The Conspirator opens Friday throughout the Triangle (see times below)

Our rating:

Not until about 20 minutes into The Conspirator do you realize why Robert Redford would direct a historical drama about the trial of one of the conspirators behind Abraham Lincoln’s assassination.

The opening act is a well-crafted recounting of the conspiracy to simultaneously murder Secretary of State William Seward and Vice President Andrew Johnson, culminating with John Wilkes Booth gunning down Lincoln inside Ford’s Theatre. Redford’s impressive attention to detail, here and throughout the film, includes the wooden brace Booth used to jam the door leading to Lincoln’s theater box, the diagonal placement of Lincoln on the bed inside William Peterson’s boarding house because the president was too tall to lie straight, and Secretary of War Edwin Stanton (Kevin Kline) ordering a hysterical Mary Lincoln out of the room.

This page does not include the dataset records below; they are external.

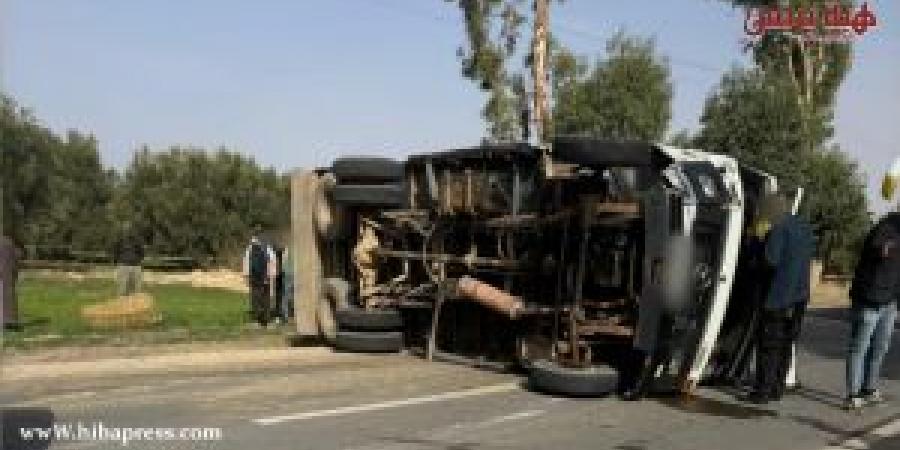 جرسيف.. حادث مروري يوقع ثلاثة مصابين(صورة)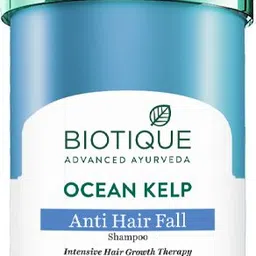 biotique Ocean Kelp Anti Hair Fall Shampoo | Intense Hair Growth Therapy-picture-20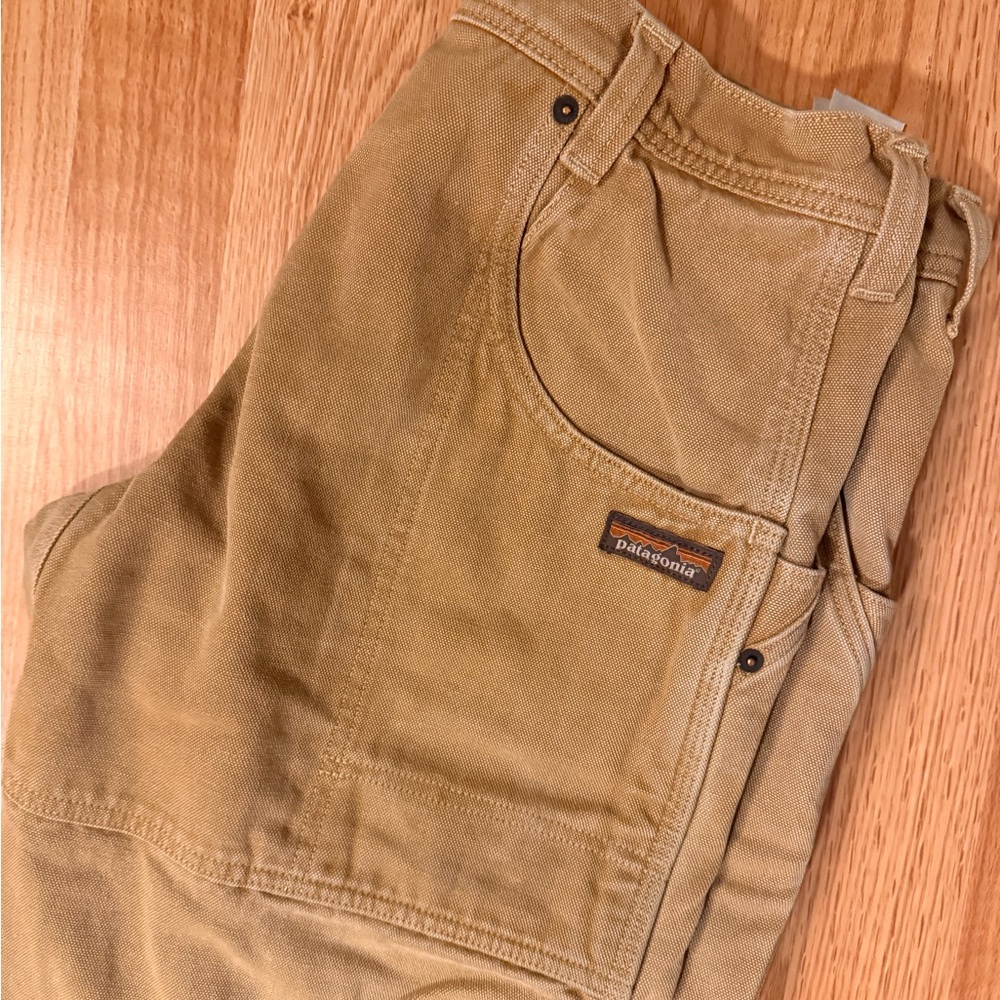 Patagonia Men's Tan Work Pants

As Booth and his cohorts are rounded up, the government eventually beats a path to a boarding house run by Mary Surratt (Robin Wright), where the assassination plot was allegedly hatched. Under orders from Seward, Surratt is tried before a military tribunal where she is not allowed to testify in her own defense, and neither she nor her attorney, Frederick Aiken (James McAvoy), are privy to the prosecution’s evidence prior to trial.

It’s only when the story line shifts focuses onto this Gitmo-style simulacrum, with Seward playing the part of a 19th-century version of Cheney or Rumsfeld, that Redford’s motives become far clearer than those of his characters. Aiken, a former Union soldier, is cast as a war hero and an idealist, but the only adversity he suffers for his unpopular defense of Surratt is banishment from his gentlemen’s club and the occasional anxiety of his fiancée.

Meanwhile, we’re left puzzling over Mary’s relationship with her son John (Johnny Simmons) and daughter Anna (Evan Rachel Wood), both of whom are strangely reluctant to come to their mother’s aid. And other questions will come to irritable viewers, too, like why does every Southern character speak with such a clichéd drawl? (Tom Wilkinson’s senator from Maryland sounds as if he were voice-coached by Foghorn Leghorn.)

As some evidence of Mary’s culpability gradually emerges, writer James Solomon waffles between defending Mary’s innocence and indicting the legal apparatus erected to prosecute her. The latter is a more bloodless endeavor, but make no mistake: There was unfairness here that deserves contempt regardless of Mary’s guilt, including the improper influence exerted to ensure a death sentence. The trial and hanging of Mary Surratt is an important, nearly forgotten episode of American jurisprudence. However, The Conspirator is so captivated by its historical heft that it forgets to engage its audience in the figures at the center of the diorama.